◆ Exercise requirements: Below is a listing; retype exactly the lines between the one containing "фото Жилет утепленный icepeak" and the one containing "Komunia święta ❤", inclusive, minus the pictures.

◆ Records for the exercise:
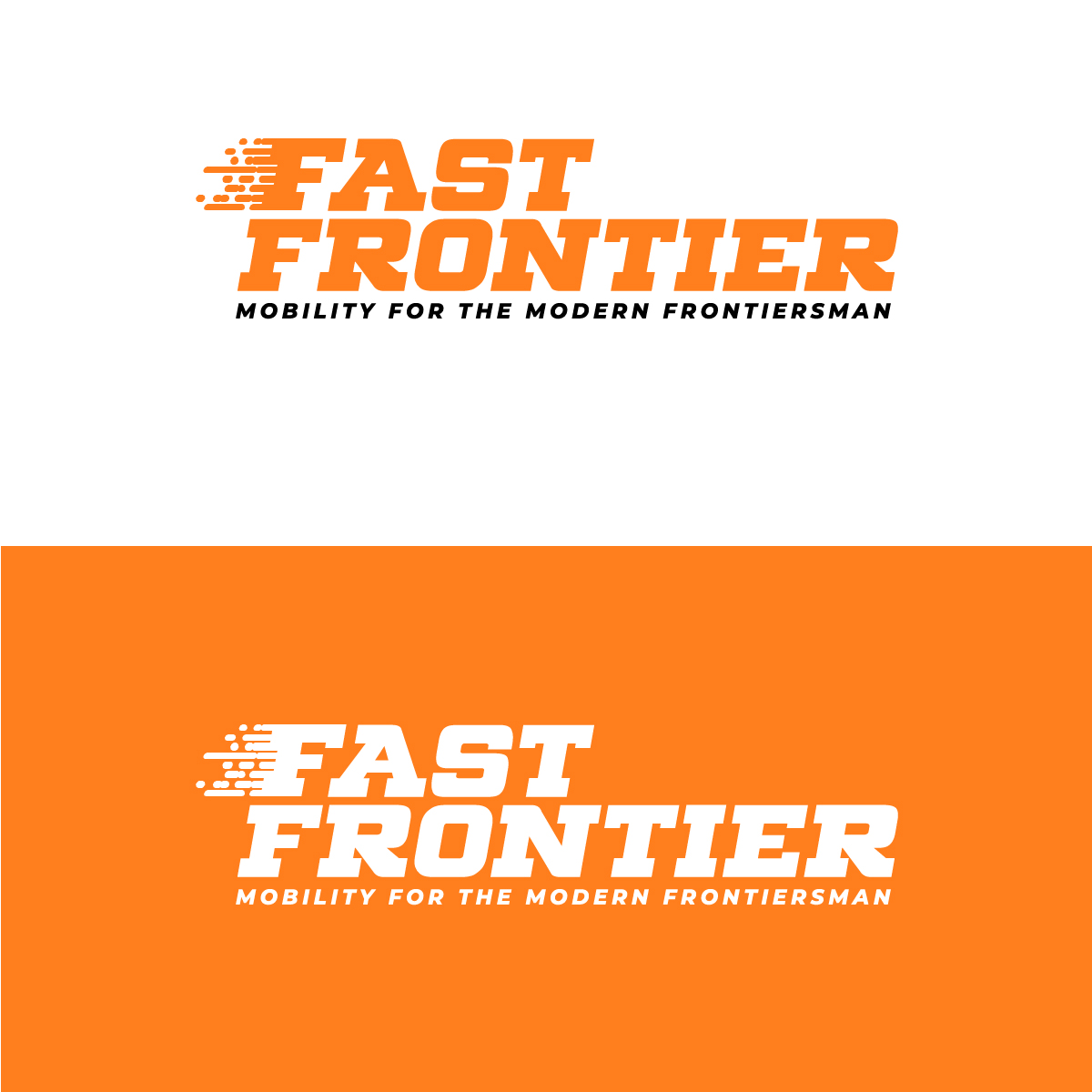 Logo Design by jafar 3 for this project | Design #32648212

...

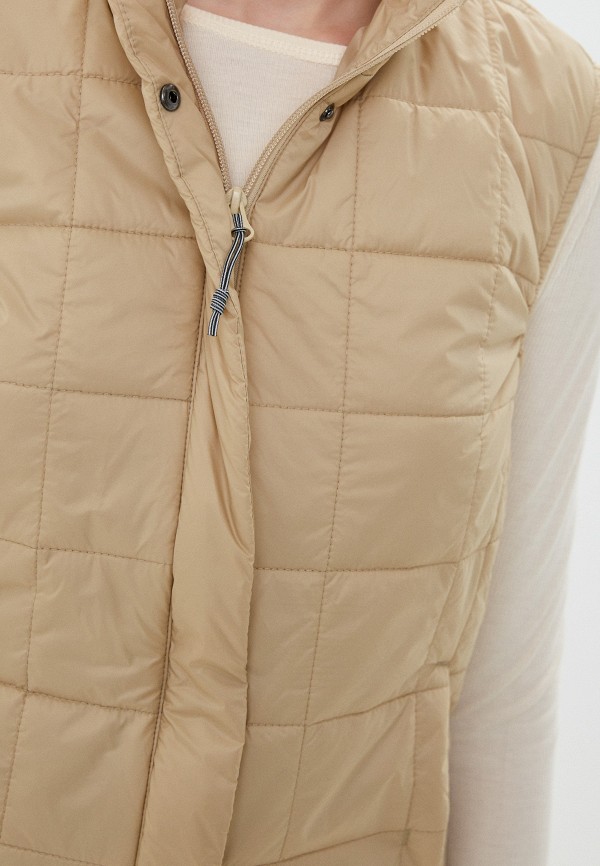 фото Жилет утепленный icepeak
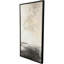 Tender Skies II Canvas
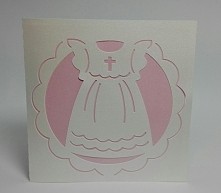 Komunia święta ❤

◆ Exercise solution:
 фото Жилет утепленный icepeak
 Tender Skies II Canvas
 Komunia święta ❤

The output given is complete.